Alle ore 20:57 di lunedì 15 marzo, un corpo luminoso, dai toni verdastri, ha solcato il cielo della capitale catturando l’attenzione di moltissimi cittadini. La palla di luce ha acceso la notte dei romani, giusto per pochi istanti, prima di sparire inghiottita dentro la prima notte di zona rossa precipitata sul Lazio.

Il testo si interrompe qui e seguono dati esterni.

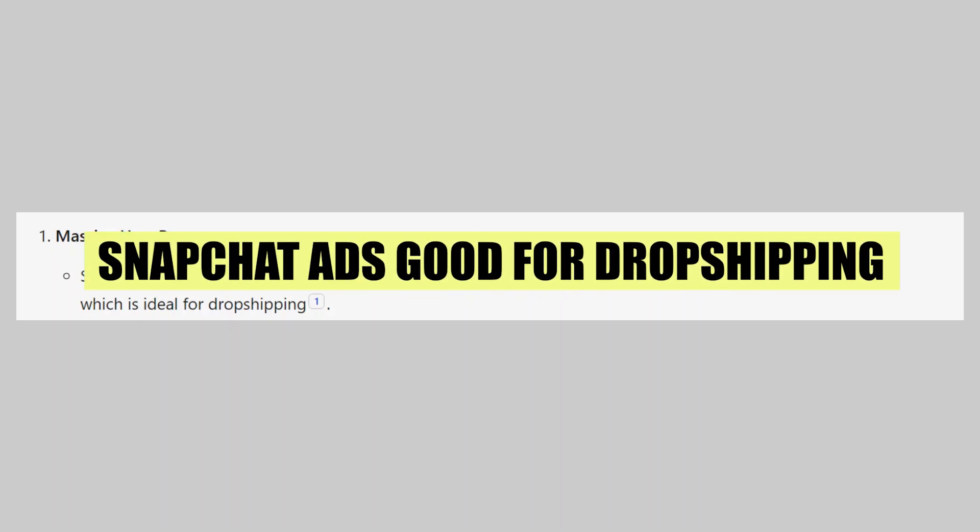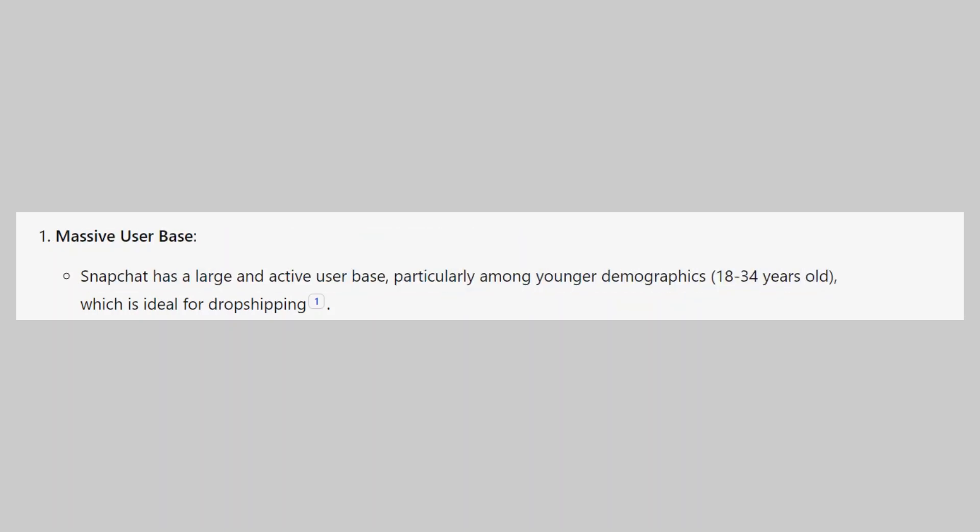In this video, we will show you are Snapchat ads good for dropshipping? If you guys want to get started with Snapchat, you can use the links down in the description.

Si parlerà di pezzi di roccia cosmici. O di qualche rubinetto di satellite avariato.

Niente di tutto questo. Io c’ero. Ho visto.

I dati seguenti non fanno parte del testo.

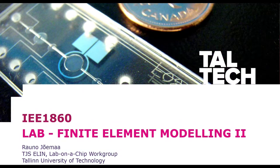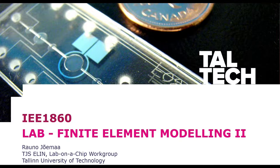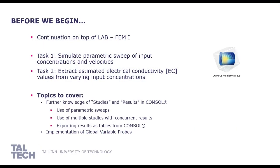Welcome to the second part of finite element modeling lab within the Biomems course. This lab is made to follow after finite element modeling lab 1.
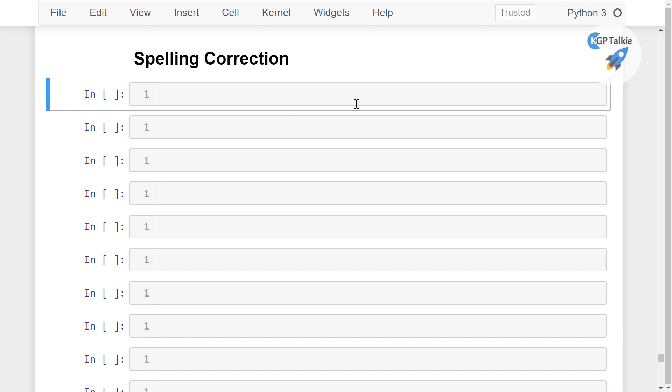Alright, now I am going to show you how you can do spelling correction by using TextBlob.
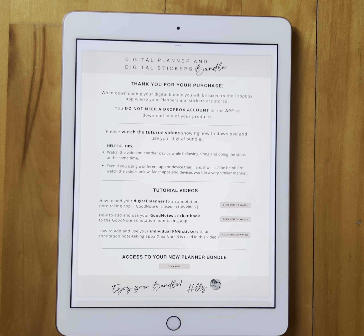Hi there, this is Holly from Let's Plan Planners making a quick tutorial video to show you how you would download your digital bundle and stickers.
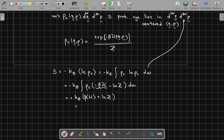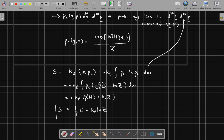We know that the internal energy is equal to the average of the Hamiltonian. So we can write the entropy as one over T times U plus k_B log of Z. We have found our first important relation giving us the entropy.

Questo è il resoconto, i fatti salienti. Io e un alieno. Roma. Dentro una notte di zona rossa.

Lo avrei immaginato diversamente. Dico il contatto. L’incontro. Sinfonie. Colori sgargianti. Invece la solita tangenziale direzione san Giovanni, visto l’ora meno bloccata del solito. Ma io soffro di vertigini. All’altezza di san Lorenzo scelgo la via bassa, taglio dentro. Perché rimanere bloccato su quei curvoni sospesi nel nulla, con gli occhi che fissano il ferro fradicio dei bulloni. Meglio la via bassa. Sempre.

E contatto è stato. Largo Settimio Passamonti per l’esattezza.

Il fascio di luce è arrivato con la velocità che gli è consona, si è fermato a un centimetro dall’asfalto, per un istante ho pensato a che sospensioni deve avere una nave dello spazio, poi alle varie listesi vertebrali dei viaggiatori. Ma non ho avuto tempo di ragionare a lungo.

Dissolta la luce, ho potuto ammirare l’ammiraglia dello spazio. Un cono gelato, nella forma, di colore iridescente. Ma anche su questo mi sono potuto soffermare poco, perché il cono gelato dal nulla ha aperto un varco, da dove, a passo di marcia, è uscito un vivente dello spazio. Uno spaziale. Alieno. Lui.

Tanta la sua fretta nello scendere e nel dirigersi da me che anche il terrore, naturale, legittimo, non è stato vissuto appieno. Meglio così sia chiaro.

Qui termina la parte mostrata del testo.